*Assignment:*
Would you transcribe the entries below, beginning at the line with "The American flag" and ending after the line with "White sneaker with", exactly, with no picture and nothing more?

*Task inputs:*
================================
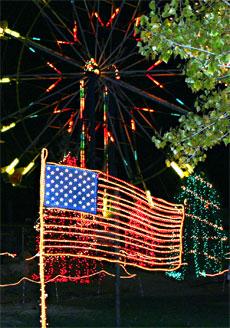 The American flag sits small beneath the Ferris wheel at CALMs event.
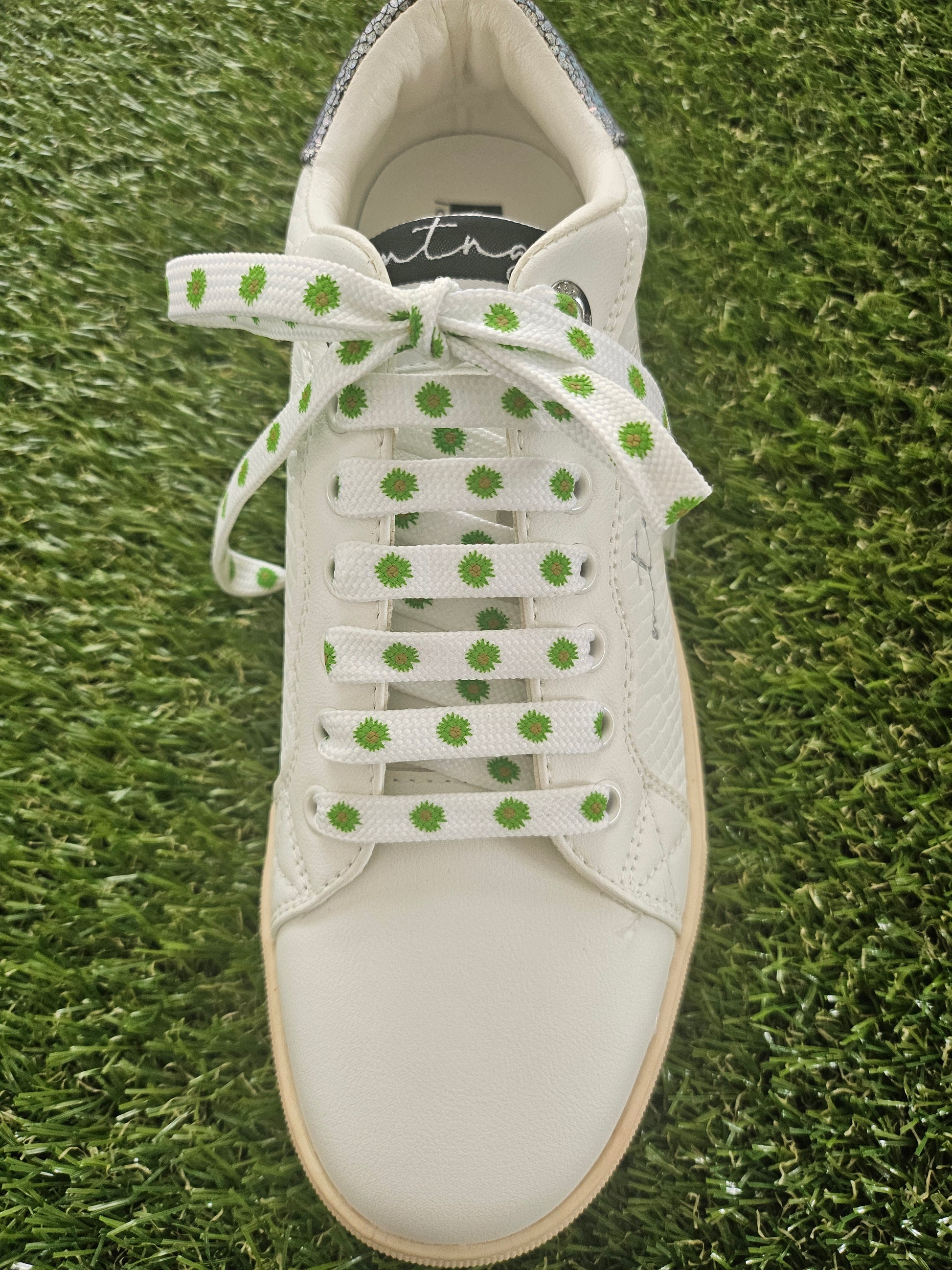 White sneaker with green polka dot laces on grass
================================
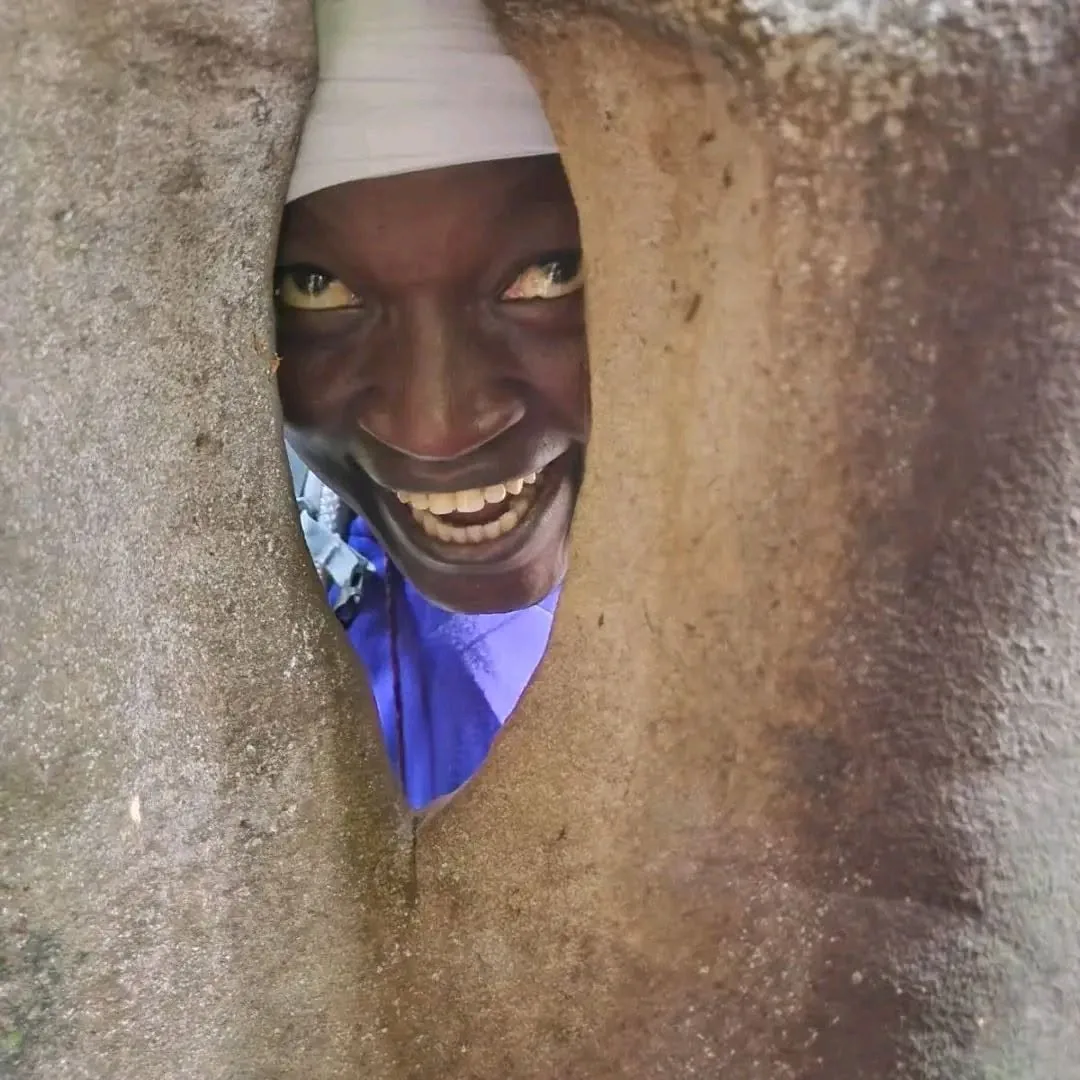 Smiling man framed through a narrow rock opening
================================
*Solved exercise:*
 The American flag sits small beneath the Ferris wheel at CALMs event.
 White sneaker with green polka dot laces on grass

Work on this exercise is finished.